#### [PROBLEM TO SOLVE]
Restate the listing below word for word; no pictures belong in the copy.

#### [EXTRACTED ENTRIES]
⟨
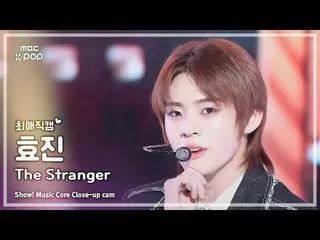 [#FavoriteFanCam] ONF_ _ HYOJIN_ (ONF_ 효진) – Stranger | Tampilkan! Inti Musik | 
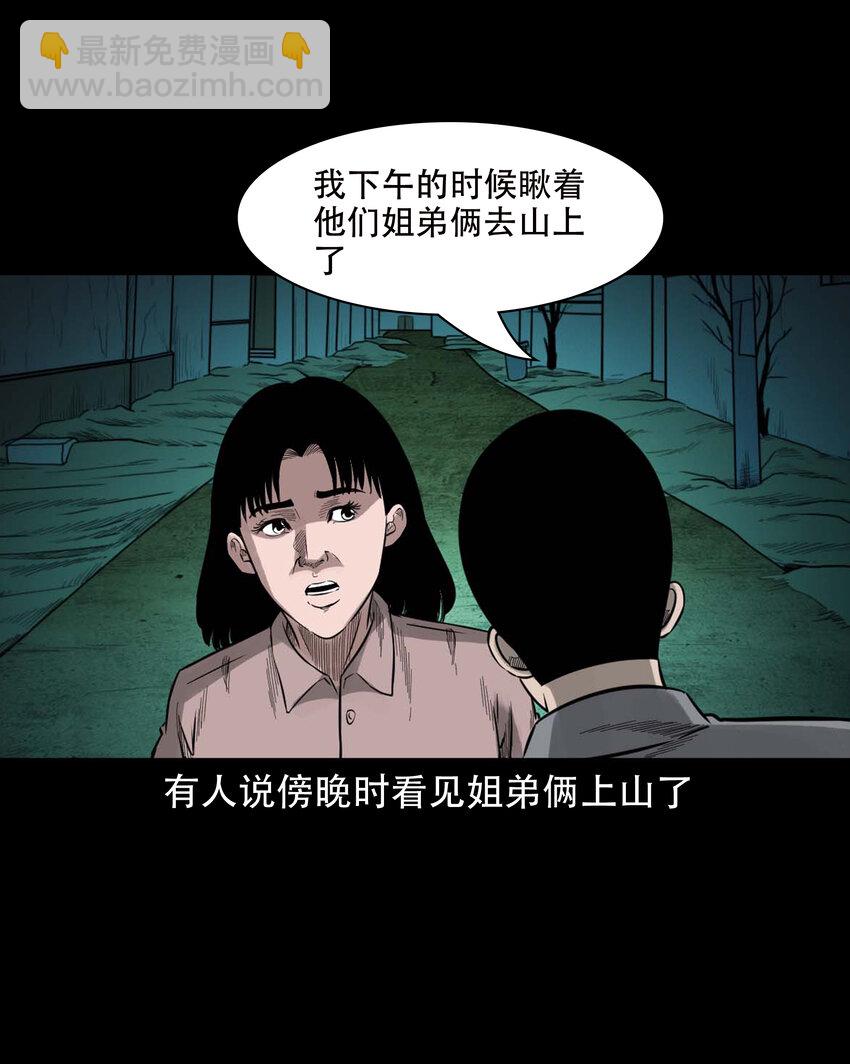 586 拉我下水的女孩(1/2)-第587话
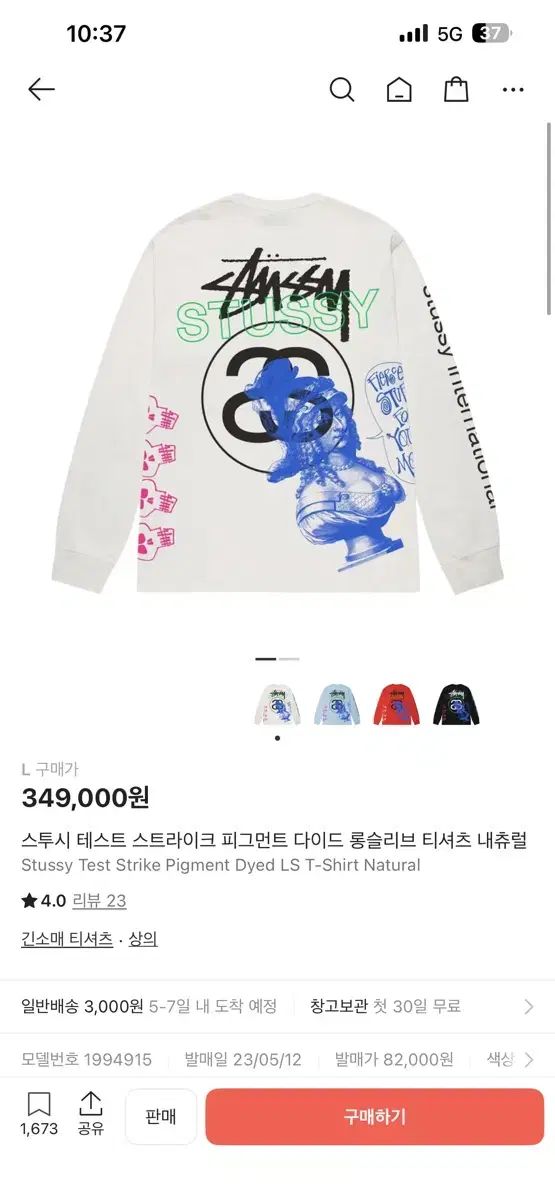 STUSSY 節約 ロングスリーブ STUSSY グラフィックロングスリーブT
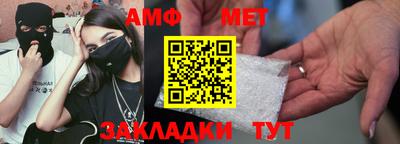 MESCALINE Бугуруслан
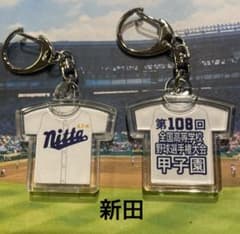 新田】第108回全国高等学校野球選手権大会記念キーホルダー - メルカリ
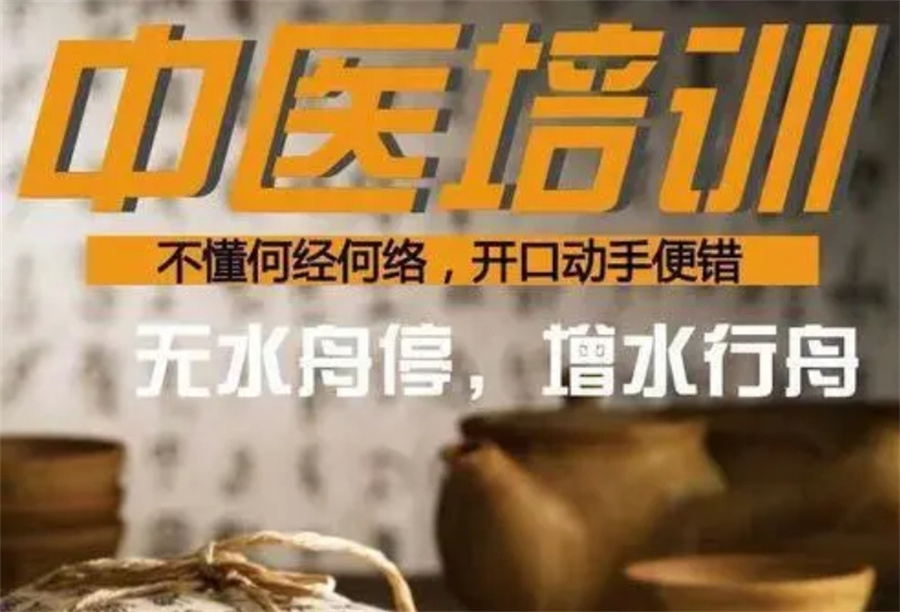 排名榜前五的中医针灸正骨推拿培训班名单简介-中医浮针疗法培训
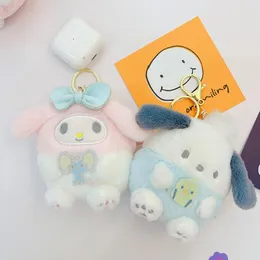 Cartoon anime zero wallet keychain pendant cute pacha dog doll machine doll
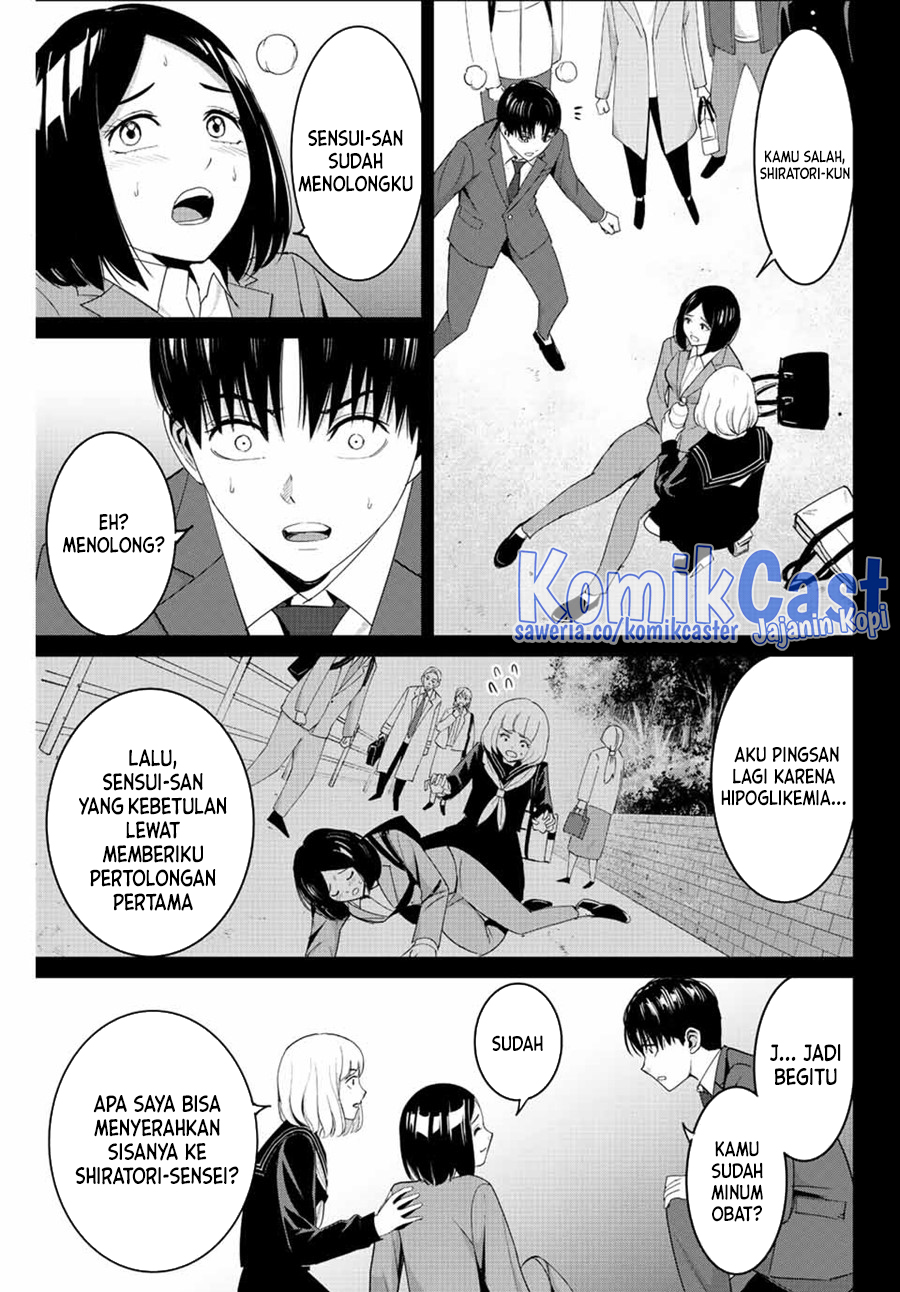 Fukushuu no Kyoukasho Bab 101 halaman 4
⟩
#### [TASK SOLUTION]
 [#FavoriteFanCam] ONF_ _ HYOJIN_ (ONF_ 효진) – Stranger | Tampilkan! Inti Musik | 
 586 拉我下水的女孩(1/2)-第587话
 STUSSY 節約 ロングスリーブ STUSSY グラフィックロングスリーブT
 MESCALINE Бугуруслан
 新田】第108回全国高等学校野球選手権大会記念キーホルダー - メルカリ
 排名榜前五的中医针灸正骨推拿培训班名单简介-中医浮针疗法培训
 Cartoon anime zero wallet keychain pendant cute pacha dog doll machine doll
 Fukushuu no Kyoukasho Bab 101 halaman 4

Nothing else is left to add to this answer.